--- TRY IT ---
Locate the line that contains "Girlfriend Socks (Ivory)" in the entries below, then repeat it and every following line through the line that contains "D-AK-07 ELODIE Aabyaan", exactly, and no others.
(Beginning of GIVEN RECORDS)
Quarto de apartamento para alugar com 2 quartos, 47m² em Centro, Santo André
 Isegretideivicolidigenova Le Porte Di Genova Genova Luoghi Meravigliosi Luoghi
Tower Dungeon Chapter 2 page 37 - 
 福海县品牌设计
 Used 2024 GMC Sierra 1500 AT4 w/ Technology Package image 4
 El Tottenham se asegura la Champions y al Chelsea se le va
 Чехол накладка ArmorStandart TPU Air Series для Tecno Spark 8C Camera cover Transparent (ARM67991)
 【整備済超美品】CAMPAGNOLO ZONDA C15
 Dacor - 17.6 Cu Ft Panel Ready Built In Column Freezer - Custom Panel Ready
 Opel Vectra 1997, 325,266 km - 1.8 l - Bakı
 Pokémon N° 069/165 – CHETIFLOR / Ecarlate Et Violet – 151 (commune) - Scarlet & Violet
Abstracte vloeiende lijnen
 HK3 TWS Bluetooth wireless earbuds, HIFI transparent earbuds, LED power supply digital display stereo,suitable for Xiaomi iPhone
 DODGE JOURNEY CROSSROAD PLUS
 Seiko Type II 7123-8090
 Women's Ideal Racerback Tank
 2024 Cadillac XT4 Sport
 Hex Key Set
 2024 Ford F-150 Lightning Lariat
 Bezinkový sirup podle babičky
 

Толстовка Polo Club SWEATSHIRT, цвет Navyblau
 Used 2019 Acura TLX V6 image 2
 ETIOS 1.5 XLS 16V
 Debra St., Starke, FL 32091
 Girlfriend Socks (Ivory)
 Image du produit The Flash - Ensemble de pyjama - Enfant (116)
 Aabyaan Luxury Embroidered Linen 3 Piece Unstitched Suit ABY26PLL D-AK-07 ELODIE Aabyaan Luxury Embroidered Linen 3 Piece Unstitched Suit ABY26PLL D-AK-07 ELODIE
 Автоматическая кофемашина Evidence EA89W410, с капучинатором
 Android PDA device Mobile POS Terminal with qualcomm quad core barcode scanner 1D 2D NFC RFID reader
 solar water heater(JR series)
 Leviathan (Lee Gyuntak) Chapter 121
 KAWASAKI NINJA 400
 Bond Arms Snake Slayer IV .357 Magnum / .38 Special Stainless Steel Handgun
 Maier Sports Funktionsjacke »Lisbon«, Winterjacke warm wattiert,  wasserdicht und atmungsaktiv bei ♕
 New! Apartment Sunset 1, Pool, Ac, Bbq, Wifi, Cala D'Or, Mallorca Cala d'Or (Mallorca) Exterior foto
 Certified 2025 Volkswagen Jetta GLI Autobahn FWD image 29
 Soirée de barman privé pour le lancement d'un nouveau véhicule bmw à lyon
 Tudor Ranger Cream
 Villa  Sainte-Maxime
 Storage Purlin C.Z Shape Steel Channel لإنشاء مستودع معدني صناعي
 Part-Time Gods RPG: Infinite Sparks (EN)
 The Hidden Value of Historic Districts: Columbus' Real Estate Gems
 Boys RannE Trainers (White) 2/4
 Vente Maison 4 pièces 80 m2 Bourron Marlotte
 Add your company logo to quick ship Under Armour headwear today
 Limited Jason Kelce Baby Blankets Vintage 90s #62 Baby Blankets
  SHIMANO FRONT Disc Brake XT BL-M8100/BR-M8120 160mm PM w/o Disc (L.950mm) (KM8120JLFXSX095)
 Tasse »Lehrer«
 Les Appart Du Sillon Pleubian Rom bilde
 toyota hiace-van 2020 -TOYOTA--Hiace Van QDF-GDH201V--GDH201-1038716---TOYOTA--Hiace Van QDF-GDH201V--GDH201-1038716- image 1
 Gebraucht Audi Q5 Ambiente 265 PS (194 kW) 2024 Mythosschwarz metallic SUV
(End of GIVEN RECORDS)
--- ANSWER SPACE ---
 Girlfriend Socks (Ivory)
 Image du produit The Flash - Ensemble de pyjama - Enfant (116)
 Aabyaan Luxury Embroidered Linen 3 Piece Unstitched Suit ABY26PLL D-AK-07 ELODIE Aabyaan Luxury Embroidered Linen 3 Piece Unstitched Suit ABY26PLL D-AK-07 ELODIE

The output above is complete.